Enter Stephen Calt, a blues historian and amateur linguist whose new book, "Barrelhouse Words: A Blues Dialect Dictionary," published by the University of Illinois Press, is an impeccably scholarly, irresistibly readable guide to the language heard on the recordings of the great blues singers who were active in the first half of the 20th century. If there was ever a time when you found yourself wondering what it means to get a "stone pony" or "make a panther squall," Mr. Calt is your man. As far back as the late '60s, he was interviewing aging blues singers and sifting through arcane printed sources in the hopes of untangling the verbal mysteries of the music he loved.

“As much as a method of music making, blues were a medium of language. ” Read the full excerpt from 'Barrelhouse Words: A Blues Dialect Dictionary'

On one notable occasion described in the preface, the author of "Barrelhouse Words" actually dared to accost a fellow customer of a bus-terminal diner who got mad at the counterman and called him a "jambooger." Having heard the word on Barbecue Bob's 1930 recording of "Jambooger Blues," Mr. Calt took decisive action: "The belligerent customer (whom I anxiously followed outside) was willing to indulge my curiosity about the term, though he obviously regarded me as something of a lunatic."

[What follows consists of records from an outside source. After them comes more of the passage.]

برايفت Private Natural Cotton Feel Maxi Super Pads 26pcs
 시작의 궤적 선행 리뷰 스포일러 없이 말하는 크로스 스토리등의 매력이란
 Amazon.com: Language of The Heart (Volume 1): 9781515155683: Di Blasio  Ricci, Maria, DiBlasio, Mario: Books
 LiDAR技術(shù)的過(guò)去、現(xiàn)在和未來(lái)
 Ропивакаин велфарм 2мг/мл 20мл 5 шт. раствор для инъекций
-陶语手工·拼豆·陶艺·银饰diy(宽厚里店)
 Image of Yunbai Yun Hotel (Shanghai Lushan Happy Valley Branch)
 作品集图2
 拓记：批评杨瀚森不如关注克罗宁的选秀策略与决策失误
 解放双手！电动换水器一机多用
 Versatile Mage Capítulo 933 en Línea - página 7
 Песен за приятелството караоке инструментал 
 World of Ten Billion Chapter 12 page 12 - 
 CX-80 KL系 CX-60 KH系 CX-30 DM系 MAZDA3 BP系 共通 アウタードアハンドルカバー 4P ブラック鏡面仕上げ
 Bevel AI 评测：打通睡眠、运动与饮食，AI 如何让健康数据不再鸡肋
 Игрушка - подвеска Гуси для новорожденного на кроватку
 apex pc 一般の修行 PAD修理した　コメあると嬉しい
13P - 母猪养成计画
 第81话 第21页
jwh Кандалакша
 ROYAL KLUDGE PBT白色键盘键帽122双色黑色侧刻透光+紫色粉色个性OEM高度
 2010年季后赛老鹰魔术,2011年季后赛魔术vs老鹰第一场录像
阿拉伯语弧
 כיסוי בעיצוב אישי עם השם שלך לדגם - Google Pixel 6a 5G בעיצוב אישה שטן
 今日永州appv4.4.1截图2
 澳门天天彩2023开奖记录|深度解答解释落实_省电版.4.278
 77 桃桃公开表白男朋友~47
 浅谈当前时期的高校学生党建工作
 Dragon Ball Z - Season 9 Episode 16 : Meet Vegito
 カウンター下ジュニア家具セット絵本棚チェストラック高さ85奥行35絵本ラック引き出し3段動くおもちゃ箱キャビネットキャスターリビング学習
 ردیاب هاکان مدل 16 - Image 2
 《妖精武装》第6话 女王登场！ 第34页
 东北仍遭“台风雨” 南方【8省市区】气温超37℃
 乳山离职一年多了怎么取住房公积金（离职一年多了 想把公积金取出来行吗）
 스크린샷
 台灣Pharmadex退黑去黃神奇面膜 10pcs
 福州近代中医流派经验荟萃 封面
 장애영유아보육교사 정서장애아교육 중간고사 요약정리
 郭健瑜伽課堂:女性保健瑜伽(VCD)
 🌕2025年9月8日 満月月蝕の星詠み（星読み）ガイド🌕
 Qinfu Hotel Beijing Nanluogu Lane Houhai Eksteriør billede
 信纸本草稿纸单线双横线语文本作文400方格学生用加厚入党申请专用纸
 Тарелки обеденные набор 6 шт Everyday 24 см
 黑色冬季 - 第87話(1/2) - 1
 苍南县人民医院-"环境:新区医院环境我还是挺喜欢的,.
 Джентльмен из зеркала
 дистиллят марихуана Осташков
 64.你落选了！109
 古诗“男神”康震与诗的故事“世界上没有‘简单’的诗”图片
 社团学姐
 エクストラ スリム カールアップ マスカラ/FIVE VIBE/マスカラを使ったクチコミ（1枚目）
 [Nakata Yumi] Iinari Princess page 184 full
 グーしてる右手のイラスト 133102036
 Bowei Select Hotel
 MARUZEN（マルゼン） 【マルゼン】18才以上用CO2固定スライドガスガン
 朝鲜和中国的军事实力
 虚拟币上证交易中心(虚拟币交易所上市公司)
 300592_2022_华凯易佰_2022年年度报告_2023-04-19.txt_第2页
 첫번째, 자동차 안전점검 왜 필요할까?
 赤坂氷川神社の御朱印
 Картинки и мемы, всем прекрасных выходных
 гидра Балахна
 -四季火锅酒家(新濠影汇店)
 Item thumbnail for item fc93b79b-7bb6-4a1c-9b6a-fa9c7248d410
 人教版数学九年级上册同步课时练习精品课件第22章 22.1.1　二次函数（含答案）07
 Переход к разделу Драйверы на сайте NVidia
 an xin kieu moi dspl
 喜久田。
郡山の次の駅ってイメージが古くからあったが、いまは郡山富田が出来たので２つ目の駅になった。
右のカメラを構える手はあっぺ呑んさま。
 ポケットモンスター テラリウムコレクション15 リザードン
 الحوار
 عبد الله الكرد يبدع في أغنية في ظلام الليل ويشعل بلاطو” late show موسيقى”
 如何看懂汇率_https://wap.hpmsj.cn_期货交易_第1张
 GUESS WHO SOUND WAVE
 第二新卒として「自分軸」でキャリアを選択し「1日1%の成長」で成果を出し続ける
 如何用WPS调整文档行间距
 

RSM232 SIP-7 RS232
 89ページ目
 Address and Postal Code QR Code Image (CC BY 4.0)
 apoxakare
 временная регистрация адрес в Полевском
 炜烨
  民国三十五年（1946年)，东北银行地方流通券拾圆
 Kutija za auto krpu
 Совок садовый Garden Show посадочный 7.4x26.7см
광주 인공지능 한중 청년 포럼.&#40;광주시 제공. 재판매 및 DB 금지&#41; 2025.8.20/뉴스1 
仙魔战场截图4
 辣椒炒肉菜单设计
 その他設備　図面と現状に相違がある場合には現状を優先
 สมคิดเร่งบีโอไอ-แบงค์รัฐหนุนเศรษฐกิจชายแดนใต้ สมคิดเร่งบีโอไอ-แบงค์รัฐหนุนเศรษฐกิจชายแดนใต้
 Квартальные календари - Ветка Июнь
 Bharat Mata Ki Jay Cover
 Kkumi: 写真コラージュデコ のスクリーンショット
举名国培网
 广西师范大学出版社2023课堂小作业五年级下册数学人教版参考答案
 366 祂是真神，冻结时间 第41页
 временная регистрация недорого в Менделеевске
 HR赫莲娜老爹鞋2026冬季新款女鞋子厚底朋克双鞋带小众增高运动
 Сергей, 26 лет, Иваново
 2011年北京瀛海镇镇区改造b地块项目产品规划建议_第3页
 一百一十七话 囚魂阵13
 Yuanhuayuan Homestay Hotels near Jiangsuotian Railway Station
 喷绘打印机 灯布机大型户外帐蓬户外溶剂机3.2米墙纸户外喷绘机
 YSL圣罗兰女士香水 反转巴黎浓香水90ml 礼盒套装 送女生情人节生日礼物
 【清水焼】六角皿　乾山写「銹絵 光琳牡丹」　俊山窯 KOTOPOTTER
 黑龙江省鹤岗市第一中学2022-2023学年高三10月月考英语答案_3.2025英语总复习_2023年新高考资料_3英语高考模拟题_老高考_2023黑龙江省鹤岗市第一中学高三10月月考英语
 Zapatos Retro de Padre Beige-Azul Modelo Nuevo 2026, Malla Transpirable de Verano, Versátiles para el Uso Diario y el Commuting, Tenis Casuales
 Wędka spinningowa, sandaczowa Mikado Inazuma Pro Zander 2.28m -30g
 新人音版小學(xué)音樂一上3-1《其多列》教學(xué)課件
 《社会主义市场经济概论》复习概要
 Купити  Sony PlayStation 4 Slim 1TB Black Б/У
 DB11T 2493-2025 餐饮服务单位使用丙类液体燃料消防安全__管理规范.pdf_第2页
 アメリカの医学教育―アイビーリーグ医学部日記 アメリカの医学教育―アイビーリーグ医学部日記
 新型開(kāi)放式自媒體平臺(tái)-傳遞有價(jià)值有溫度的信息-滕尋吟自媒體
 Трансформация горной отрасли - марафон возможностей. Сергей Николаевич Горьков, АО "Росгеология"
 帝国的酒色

Mr. Calt may well be a lunatic, but he's my kind of lunatic, a fellow obsessive who demands the straight dope and is prepared to get it by any means necessary. Thanks solely to his lunacy—and determination—future generations will know that a "jambooger" is "a derogatory black slang term for a black male." His most significant discovery is that "the most striking expressions found in blues songs were not, as usually depicted, poetic or metaphorical turns of phrase, but rather were slang terms . . . that seemed to belong to the ordinary vocabulary of the singers and their peers." Hence the blues recordings of the '20s and '30s are not only works of popular art but also repositories of vernacular black speech, time capsules whose contents shed light on the way ordinary folks used to talk:

• What does the phrase "dry long so" mean? Answer: For no good reason.

• What was Alcorub, and who drank it? Answer: A brand of rubbing alcohol "imbibed by some derelict alcoholics of the blues era."

• How do you "jump a rattler"? Answer: You board a train without buying a ticket.

All this and much, much more is made manifest in the pages of "Barrelhouse Words," perhaps the only dictionary on my bulging bookshelf that can be read for pure pleasure from cover to cover.

Part of the pleasure arises from Mr. Calt's donnish sense of humor. He must have been smiling quietly to himself when he defined "crying shame" as "an exceedingly lamentable occurrence." No less enjoyable, though, are the examples of contemporary usage that accompany his definitions, all of them drawn from classic blues records. A few are genuinely poetic, while others are drop-dead funny. Look up "business, pork-grindin'," for instance, and you'll be confronted with this stanza from Kokomo Arnold's 1935 recording of "Sissy Man Blues": Lord, I woke up this mornin' with my pork-grindin' business in my hand / Now if you can't send me no woman, please send me a sissy man. This is a family newspaper, so if you can't figure the rest out for yourself, turn to page 42 of "Barrelhouse Words." I haven't laughed so hard while reading a reference book since the last time I consulted H.L. Mencken's "New Dictionary of Quotations."

On top of everything else, Mr. Calt's book answers a question that has vexed me at odd moments for the past four decades. No sooner did I open "Barrelhouse Words" for the first time than I turned to page 164, where I found this admirably concise definition of "monkey woman": "An overly obliging or compliant female." Now I can die happy.
—Mr. Teachout, the Journal's drama critic, writes "Sightings" every other Saturday. He is the author of "Pops: A Life of Louis Armstrong," just out from Houghton Mifflin Harcourt. Write to him at tteachout@wsj.com.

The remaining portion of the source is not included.